Approximately 90% of the world’s populations have a mean usual sodium intake within a range of approximately 115–215 mmol (±2 SD).4 According to the IOM definitions, the lower level (approximately 115 mmol) would be the AI below which there could be an increased risk of inadequacy and the upper level (approximately 215 mmol) would be the limit above which there could be an increased risk of side effects.3 Accordingly, participants from individual studies were organized in sodium exposure groups: (i) low sodium (mean daily sodium intake <115 mmol; 2,645mg Na; 6,613mg NaCl); (ii) usual sodium (mean daily sodium intake of 115–215 mmol); and (iii) high sodium (mean daily sodium intake >215 mmol; 4,945mg Na; 12,363mg NaCl). The usual sodium group was further subdivided into low usual sodium (115–165 mmol) and high usual sodium (166–215 mmol). The exposures were determined by means of 24-hour urine secretions, spot urine secretions, or dietary anamnesis (dietary recalls, food frequency questionnaires).

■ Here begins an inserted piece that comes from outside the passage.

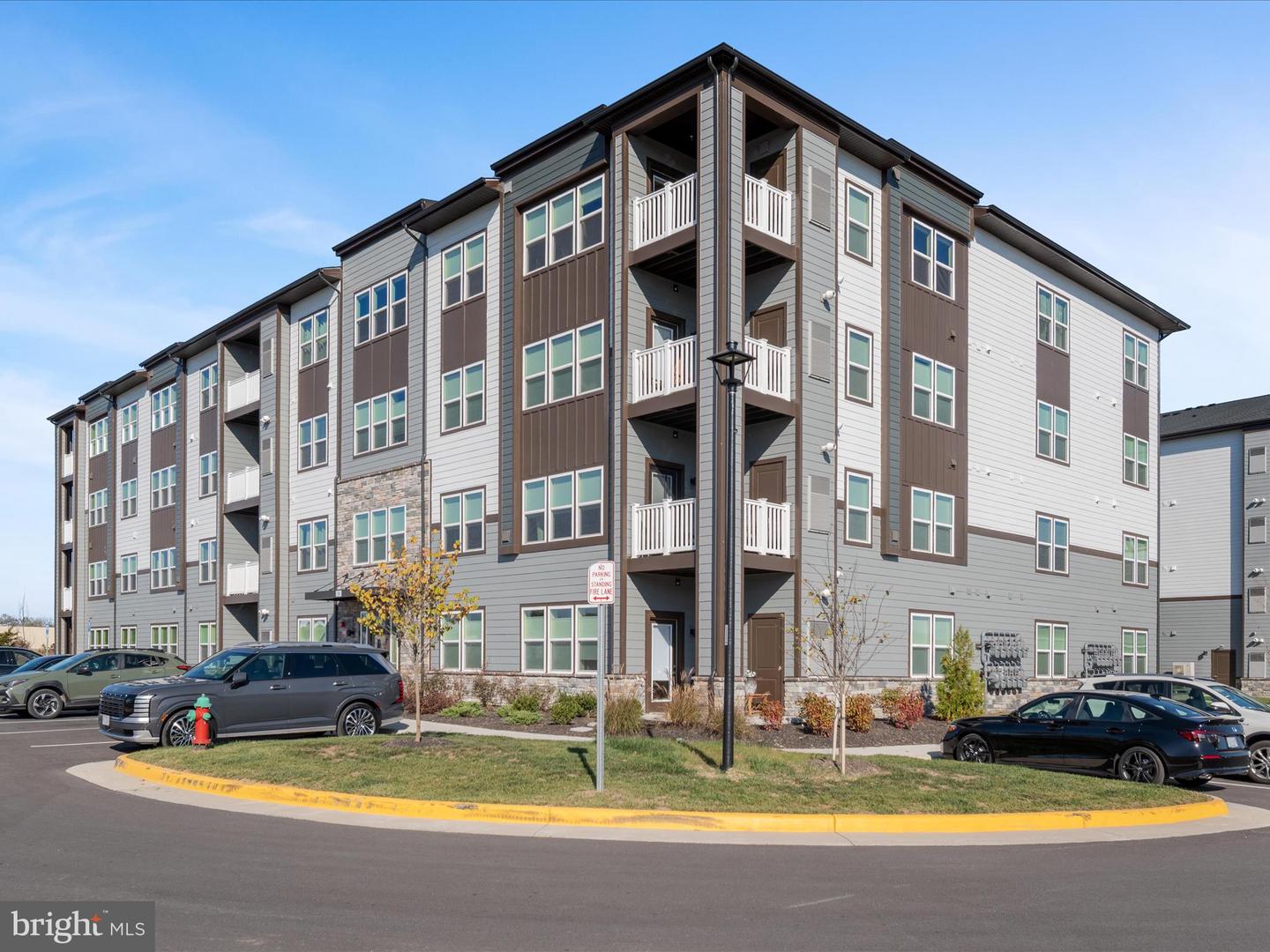 151 MCCORMICK CIR #201, WINCHESTER, Virginia 22602, 2 Bedrooms Bedrooms, ,2 BathroomsBathrooms,Residential,For sale,151 MCCORMICK CIR #201,VAFV2037732 MLS # VAFV2037732 151 MCCORMICK CIR #201, WINCHESTER, Virginia 22602, 2 Bedrooms Bedrooms, ,2 BathroomsBathrooms,Residential,For sale,151 MCCORMICK CIR #201,VAFV2037732 MLS # VAFV2037732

The experimental exposures were defined to be the low sodium group and the high sodium group, which were compared with the usual sodium group (the comparator). Any study that included groups with a mean sodium intake within at least 2 of the defined intervals were included. If a study included >1 percentile/group within 1 of the 3 groups, low sodium, usual sodium, or high sodium, all of the percentiles/groups were included in the particular group. Studies reporting the outcome as a hazard ratio (HR) per unit of sodium (SD; mmol or gram) were classified as a usual sodium vs. low sodium study if the mean sodium intake in the whole population was ≤215 mmol and as a high sodium vs. usual sodium study if the mean sodium intake was >215 mmol.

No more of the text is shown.